Well-known actors have grabbed most of the media attention surrounding recent New York productions of Happy Days (Lea DeLaria) and Endgame (Tony Roberts), but it’s the directors who have had the most difficult jobs in reviving the plays of Samuel Beckett. The playwright left explicit instructions on how he wanted his works to be staged, and a director must follow his words to the letter while still somehow finding ways to surprise the audience.
What happens when such a work becomes a classic? How can a director breathe life into so familiar a play prescribed within such rigid parameters? Charlotte Moore, whose production of Endgame is currently playing at the Irish Repertory Theatre, lets the poetry, bleakness, and occasional whimsy of the original script speak for themselves.
It would be hard to find a more reverent and skillful presentation of this work. Set designer Hugh Landwehr renders the post-apocalyptic environment faithfully; as expected, there are two garbage cans, a kingly throne for Hamm, and two windows upstage center. All of the actors have the same peculiar quirks and impediments: Hamm (Tony Roberts) cannot move from his chair; Clov (Adam Heller) cannot sit, and his atrophied legs force him to limp; Hamm’s parents, Nagg (Alvin Epstein) and Nell (Kathryn Grody), live out the remaining years of their long marriage in the dumps — literally.
I believe there is only one bit of staging in this production that isn’t directly called for in the script: At the very beginning, the director has Clov drop the curtain surrounding the theater’s thrust stage. This device immediately establishes the self-conscious tone of the evening and sets up Clov as a servant. Shortly after the play begins, Clov considers leaving his immobile master but can’t quite muster the courage to do so. Nagg and Nell have the opposite dilemma: They’re trapped inside trash bins and cannot find the strength to move closer together. The most they can do, after a ridiculous amount of effort, is knock on each other’s tins.
The environment is inhospitable to life. When Hamm senses a bug crawling offstage, he commands Clov to kill it “or it’ll die!” Their most pressing concern is that creatures outside the house will procreate and continue the miserable cycle of life. (It’s probably unnecessary to point out that Beckett battled depression throughout his life.) But, all things considered, the play is often bitterly funny, written in a vaudevillian style that this production captures well.

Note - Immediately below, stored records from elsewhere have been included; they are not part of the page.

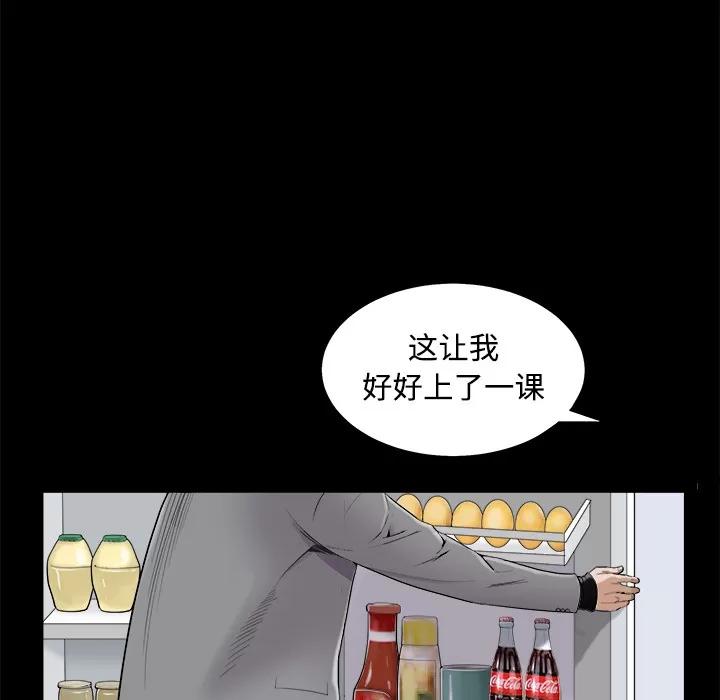 枷锁 枷锁 | 第43话 第78页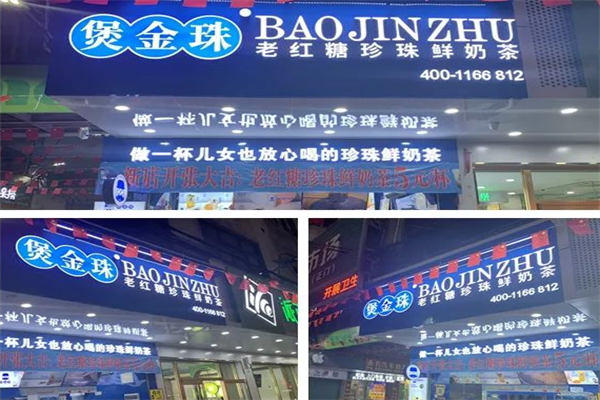 煲金珠珍珠鲜奶茶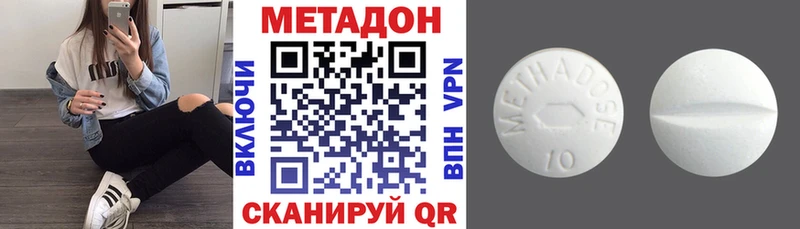 Купить  Лукоянов  Метадон methadone 
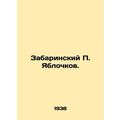Zabarinsky P. Yablochkov. In Russian /Zabarinsk...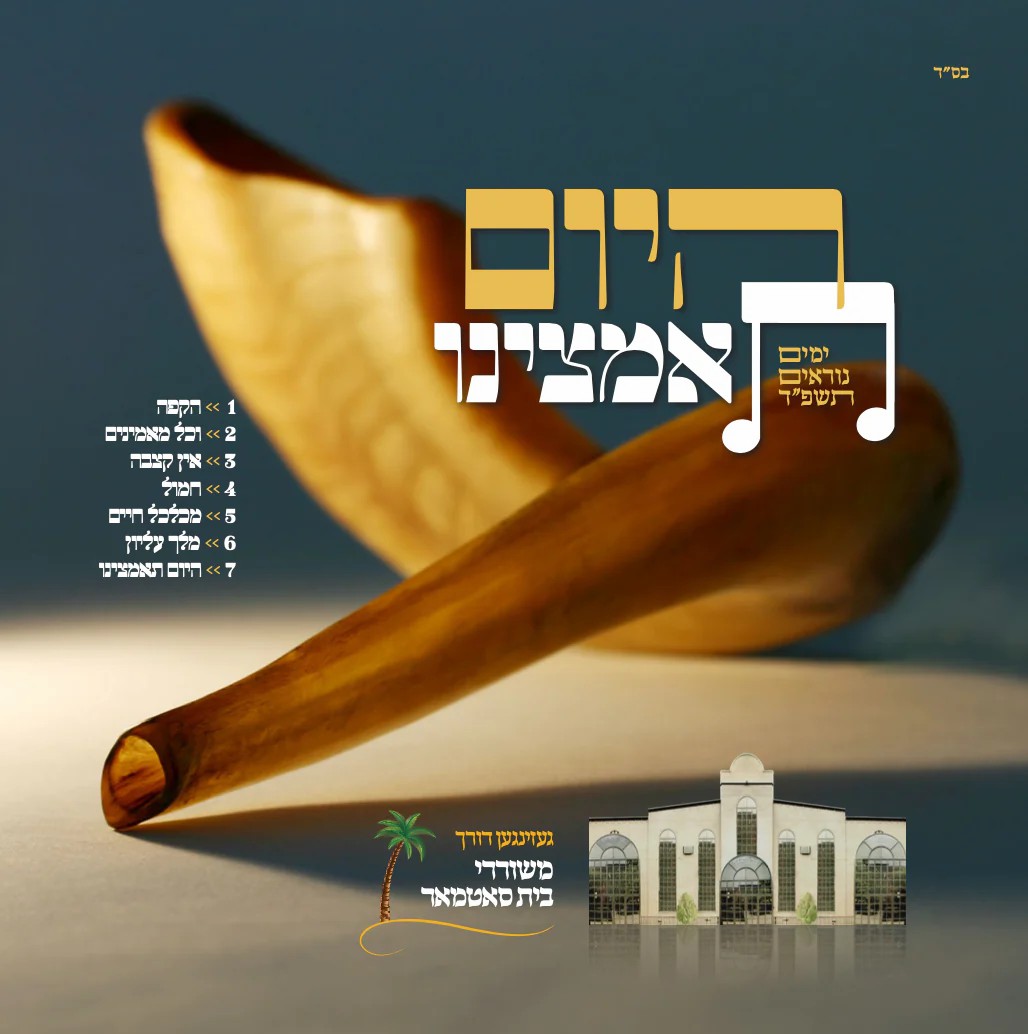 סאטמאר וויליאמסבורג - היום תאמצינו - תקציר האלבום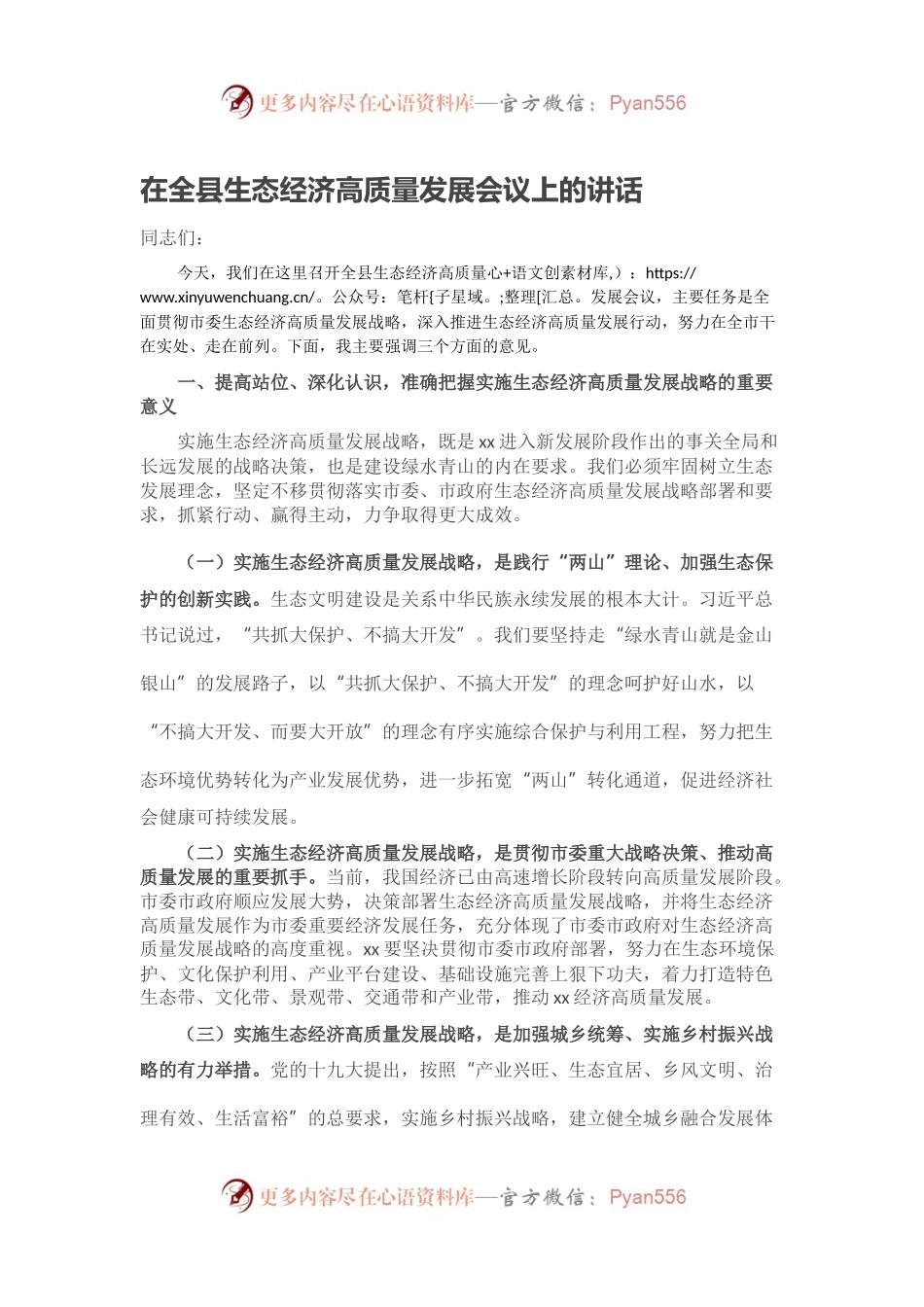 在全县生态经济高质量发展会议上的讲话.docx_第1页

In the words of Nell, after she has managed to lift her head from her bin: “Nothing is funnier than unhappiness.”
Roberts, a seasoned stage actor who is best known for his roles in several Woody Allen films, makes a surprisingly commanding Hamm. His version of the character is an ailing king: He occupies his throne with gravity, shouting orders to his servant with equal amounts of authority and, ultimately, impotence. Adam Heller has a look of almost cosmic weariness as Clov, and his gait is equal parts Richard III and Quasimodo. Alvin Epstein, who was in the original American production of Endgame as Clov, and Kathryn Grody are incredibly winning as the old couple. Epstein gives Nagg a hilarious facial tic that makes him look like he’s perpetually gumming an ice cube or a piece of soaked bread.
The Irish Rep has included Samuel Beckett in its current season because the playwright was born near Dublin, but his writings largely reflect his years in France. Most academics place him in the existentialist movement along with such scribes as Jean-Paul Sartre and Eugene Ionesco. Endgame is a timeless work, and Charlotte Moore’s take on it is very worthwhile.